J’ai interprété en tout 72 rôles. Aujourd’hui je n’en chante plus que quelques uns. Je n’ai plus besoin de faire carrière ; je n’ai d’ailleurs jamais voulu le faire. Je ne suis pas un chanteur célèbre, je suis connu dans le monde lyrique, c’est tout. Pour être célèbre, il aurait fallu qu’on me voie dans les magazines à scandale.
Il ya deux jours, j’ai reçu une vidéo pirate d’Un Ballo in Maschera en 1980 à Chicago : Pavarotti, Renata Scotto, Kathleen Battle et moi. La Scotto avait 46 ans, Pavarotti 45, moi 38. D’abord c’est une émotion incroyable de les revoir. Et puis, je n’ai pas changé ; je suis presque le même. Mais qui se souvient de cette soirée ? Seulement les vrais amateurs d’opéra. La conduite de John Pritchard est incroyable. Cela fait 30 ans presque. Moi, j’ai toujours choisi de faire les choses que j’aimais. Encore plus à mon âge, j’ai 66 ans. Ceux qui me connaissent le savent. Je n’ai pas toujours eu l’appui de la presse et de la critique. Au début. Maintenant c’est différent.

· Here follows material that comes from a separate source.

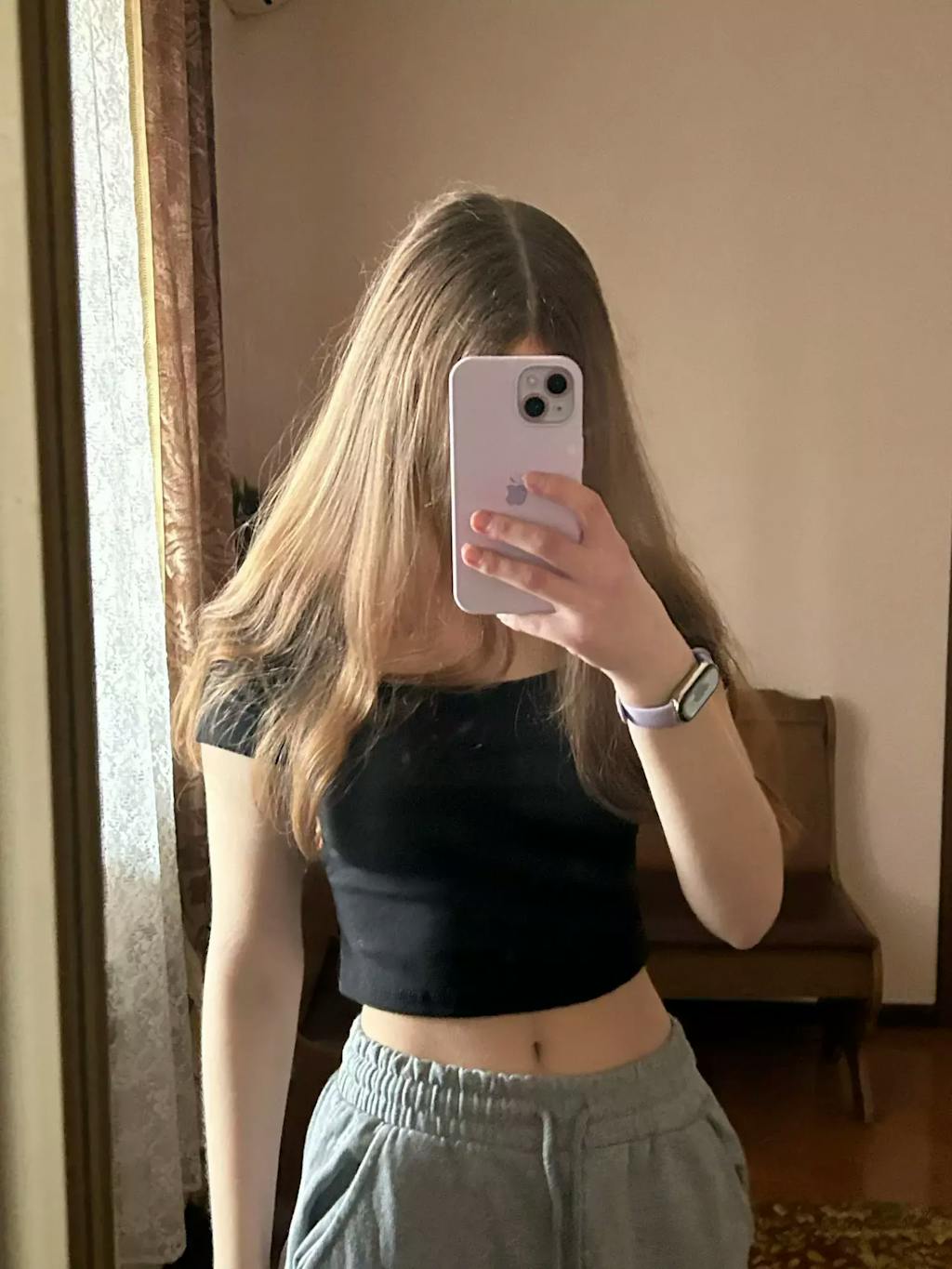 Built-In Bra Cut-Out Back Crop Top – Bold & Chic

« Mon idée de l’opéra est finie.
Après Giuseppe De Luca, je suis le baryton italien qui a chanté le plus de fois au Metropolitan mais j’ai décidé de ne plus me produire à New York. J’avais en main le contrat signé d’une nouvelle production de Gianni Schicchi et de Macbeth. Et j’ai dit non. Pourquoi ? Parce que mon temps est terminé. J’ai chanté au Metropolitan avec Bergonzi, Joan Sutherland, Leontyne Price, Renata Scotto, Luciano Pavarotti. C’est fini ; mon idée de l’opéra est finie. J’ai regardé hier avec mon épouse Adriana cette fameuse vidéo pirate d’Un Ballo in Maschera. Il y avait une mise en scène selon la vraie tradition. Le public a applaudi l’entrée de Pavarotti, de La Scotto, pas la mienne car c’était mes débuts. Mais après mon air, j’ai chanté le La naturel de la cadence. Les gens criaient. Pour moi, ça, c’est l’opéra ! J’ai des enregistrements captés à Marseille où le public scande : « Nucci, Nucci, Nucci… ». [Il se lève] Et bis ! Et tris ! Ça, c’est l’opéra que j’aime. Aujourd’hui, ce n’est plus ainsi parce que le monde a changé. Je trouve heureusement que de plus en plus les jeunes viennent au théâtre. C’est une exaltation pour moi, une émotion. D’eux viendra peut-être le renouveau. Au fait, vous comprenez tout ce que je vous raconte ? [Rires ; il se rassoit]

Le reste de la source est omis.